The solutions of a linear-quadratic system correspond to the intersection points of the line and the curve. The discriminant of the resulting quadratic tells us the nature of the intersection:

Discriminant	Number of Intersections	Geometric Meaning
b² − 4ac > 0	Two distinct points	Line crosses the curve twice
b² − 4ac = 0	One point (repeated root)	Line is tangent to the curve
b² − 4ac < 0	No real points	Line does not meet the curve

Example: For what values of k does the line y = kx + 1 meet the parabola y = x²?

kx + 1 = x²
x² − kx − 1 = 0

Discriminant: k² + 4.

Since k² ≥ 0 for all real k, the discriminant k² + 4 ≥ 4 > 0 for all values of k.

Therefore the line meets the parabola at two distinct points for all values of k.

Example: Find the value of m for which y = mx + 3 is tangent to the circle x² + y² = 9.

Substitute: x² + (mx + 3)² = 9
x²(1 + m²) + 6mx + 9 − 9 = 0
x²(1 + m²) + 6mx = 0
x[(1 + m²)x + 6m] = 0

One solution is x = 0 (where y = 3). For tangency to the circle at (0, 3), the line touches at exactly one point, which gives x = 0 as a repeated root. This happens when the other factor also gives x = 0, i.e. 6m = 0, so m = 0.

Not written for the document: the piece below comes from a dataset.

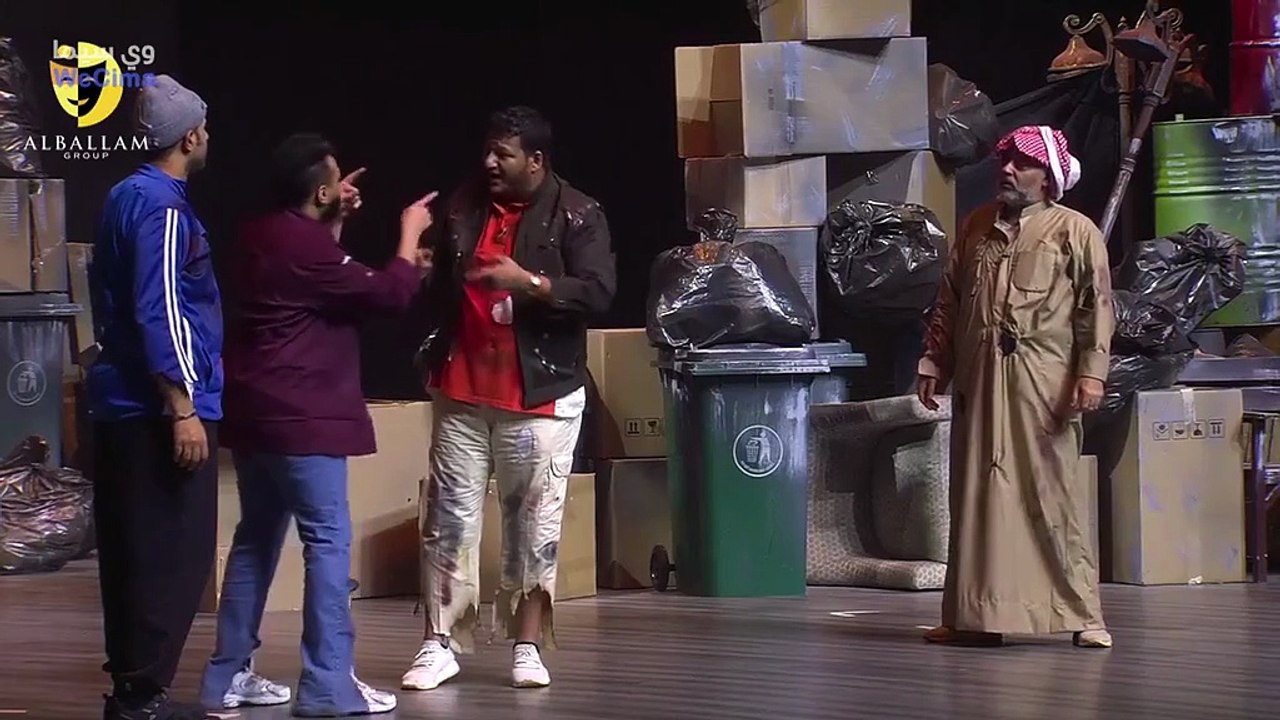 مسرحية الحرب العالمية السادسة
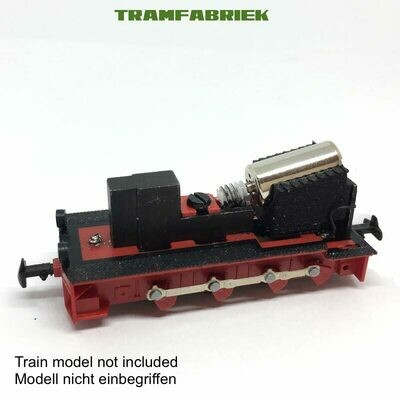 Bemo HF130c, V 18, ÖBB 2092 12V Glockenanker Umbausatz Upgrade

Alternatively, for a general tangent to x² + y² = 9, the perpendicular distance from the centre (0, 0) to the line y = mx + 3 (i.e., mx − y + 3 = 0) must equal the radius 3:

|3|/√(m² + 1) = 3
1/√(m² + 1) = 1
m² + 1 = 1
m = 0

The line y = 3 is tangent to the circle x² + y² = 9 at the point (0, 3).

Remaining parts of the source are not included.